Park's Impeachment May Affect Korean Defense Policy
On Friday, South Korea's Constitutional Court upheld the impeachment of President Park Geun-hye, removing her from office and paving the way for the political opposition to take power. The upheaval brings new uncertainty about the future of the nation's maritime and defense policies.
"The president's violations of the Constitution and the law amount to a betrayal of the people's trust and are grave actions that cannot be tolerated from the perspective of defending the Constitution," said acting chief justice Lee Jung-mi in announcing the verdict.
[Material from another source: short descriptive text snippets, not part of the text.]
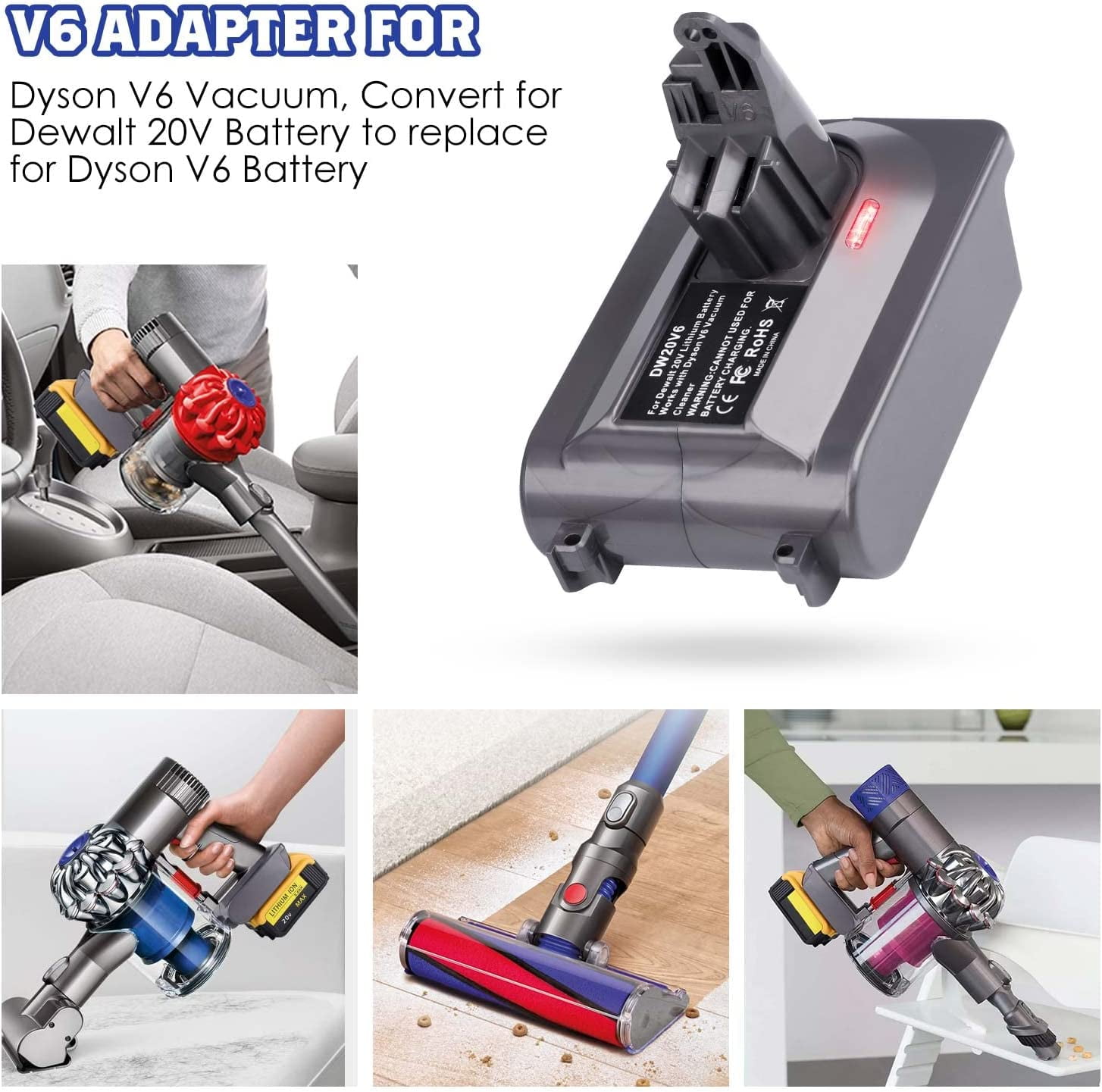 for Dyson V6 Battery Adapter for Dewalt 18V/20V Battery Convert to for Dyson V6 DC58 DC59 DC61 DC62 SV04 SV09 Vacuum Converter (DW20V6 Adapter only)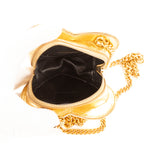 Shoulder Bag Heart Mini Gold Metalic calfskin leather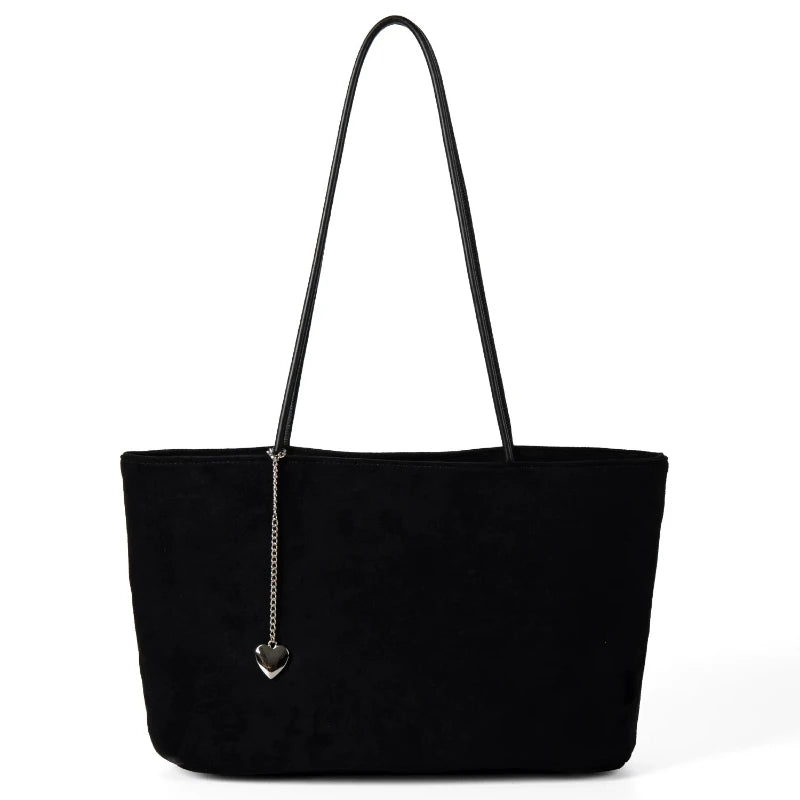 Vintage Faux Suede Big Bags For Women Luxury Designer Handbag Purses 2026 New In Double Straps Underarm Shoulder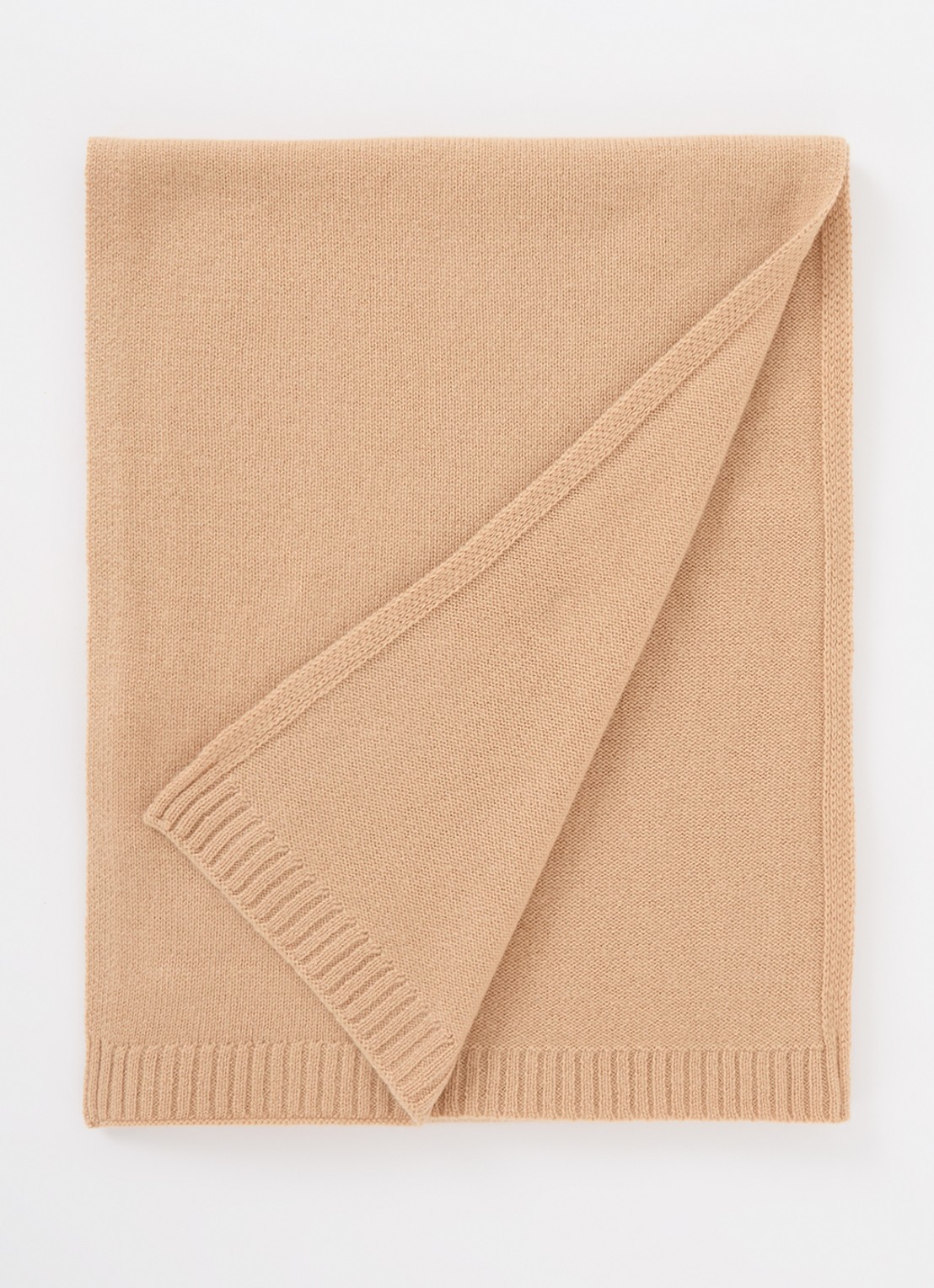ba&sh Comie sjaal van kasjmier met logoborduring 190 x 35 cm - voorkant 3 camel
Park was impeached on December 9 following revelations of a corrupt "donations" scheme involving a close friend and advisor, Choi Soon-sil. Choi was accused of using her proximity to the president to extort money from Korea's largest companies, including Samsung, in the form of charitable gifts to foundations that she controlled. In addition, Choi allegedly wielded outsize influence within Park's government, even though she held no official position.
Park had no comment on the ruling herself, but her political party took responsibility for her administration's failings. "We failed to fulfill our duty as the ruling party, and failed to protect the dignity and pride of South Korea," said Liberty Korea Party acting leader In Myung-jin. Now that she is no longer president, she will likely face questioning from prosecutors and may be subject to criminal charges. Choi has already been indicted for her role in the scandal, along with the leader of Samsung Group, Korea's largest company.
Acting president and Prime Minister Hwang Kyo-ahn has warned that North Korea could use the situation as an opportunity to sow confusion, and he called for the military to be ready to respond to any provocation. American forces in Korea will be reinforced with the arrival of the carrier USS Carl Vinson, which is due to call at Busan on March 15 to participate in a large-scale military exercise.
Park's replacement will be chosen in a special election, which is tentatively scheduled for May 9. Democratic Party leader Moon Jae-in is well ahead in public opinion polls and is favored to win the contest. Whoever takes up the presidency, they will have to contend with continued weakness in the nation’s shipbuilding and shipping industries; Park initiated a multi-billion dollar subsidy program to support Korean maritime firms, but troubled companies like Daewoo Shipbuilding and Marine Engineering are likely to drag on the economy for some time. Krystal Tan, Asia economist with Capital Economics in Singapore, told US News that while Park’s ouster will bring more certainty to the markets, a sharp rebound is not likely. “Growth is likely to be held back by a combination of high household debt, the ongoing restructuring of the shipbuilding industry, and mounting external headwinds,” she said.
THAAD deployments continue
North Korea has increased its nuclear research and missile-testing activity over the past year, and in response, the United States has begun the deployment of a Terminal High Altitude Area Defense (THAAD) battery to protect South Korea from a ballistic missile attack. The first THAAD launchers arrived at Osan Air Base on March 6, and more components will be shipped over the course of the next several months. Pentagon spokesman Captain Jeff Davis told reporters that the deployment schedule for the system would not change after Park's removal from office. "Leaders change over time," he said. "This is something that is needed militarily. That agreement was reached and we remain committed to delivering on it."
If elected, Moon Jae-in says he will support renewed engagement with North Korea, and he has suggested that a decision on THAAD should be put off until after the election. “Reconsidering THAAD would have to be preceded with diplomatic efforts, including diplomatic efforts with the US. I don’t think that the reconsidering of THAAD would harm the South Korea-US alliance,” Moon said in December. The other leading candidates want to retain Park's policies on national defense.
China has protested the deployment of the anti-missile system in strident terms, and PLA hard-liners have even threatened "surgical strikes" to destroy it on the ground. As a sign of its displeasure, the Chinese government has rolled out a series of increasingly punitive economic measures, including shuttering South Korean-owned chain stores; halting the sale of Korea package tours for Chinese tourists; banning cross-border charter flights; making it harder for Koreans to get visas; and keeping K-pop stars off of Chinese TV shows. The measures appear to have taken the interim government by surprise. "The Chinese government did not mention economic retaliation against us and did not hint at it, either," said foreign minister Yun Byung-se, speaking to Korea Times.